Oyster mushroom kit from Gourmet Mushrooms. Photograph: Gourmet mushrooms
This is a dedicated form of gardening that needs to be studied; I suggest you start with Home-grown Mushrooms From Scratch: A Practical Guide To Growing Mushrooms Outside And Indoors, by Magdalena and Herbert Wurth, a comprehensive guide to everything from oyster mushrooms to medicinal reishi. Growing from scratch, or more accurately spores, requires care, so start with a kit and go from there. I got a recycled plastic pot oyster mushroom kit for just under a tenner (from gourmetmushrooms.co.uk. It’s perfect for the uninitiated, as oyster mushrooms grow in a wide range of conditions.

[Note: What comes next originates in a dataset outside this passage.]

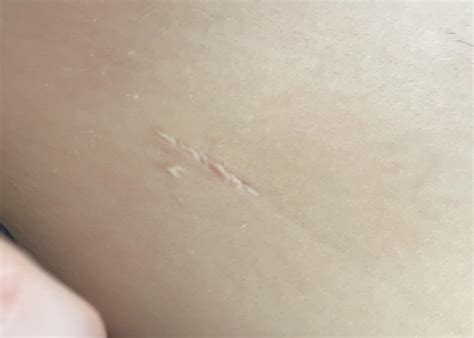 Appendicitis scar, 9 months old : r/scars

A packet of grain spawn arrives in a neatly sealed packet with straw and instructions: all you have to do is get handy with an old pot, or in my case, a recycled industrial mayonnaise tub with a lid that I got from the local chippy. Cut holes in the pot for the mushrooms to grow, wet the straw, gently massage the grain spawn to break it up, mix it about, pack it back in the tub, and wait. Oh, and mist the holes as often as you can remember, ideally twice a day. I failed at this, which is probably why I waited much longer than four weeks for mine to appear.
‘Home-grown mushrooms are silken and plump.’ Photograph: Diez, Otmar/StockFood
Just when I was about to give up, my first batch of oysters appeared overnight. They grew so fast that it felt as if they would gain an inch if you turned your back on them. What I wasn’t expecting is how different a freshly picked mushroom would taste. Home-grown mushrooms are silken and plump, unlike anything I’ve ever bought.
With luck, the pot is capable of producing a flush of mushrooms every fortnight for about 10 weeks. Once the pot has finished, the straw can be used as spawn to create an outdoor bed using woodchip, or mixed into an open compost bin, where it may continue to produce.
This easy kit has worked: I’m hooked and already planning my mushroom garden.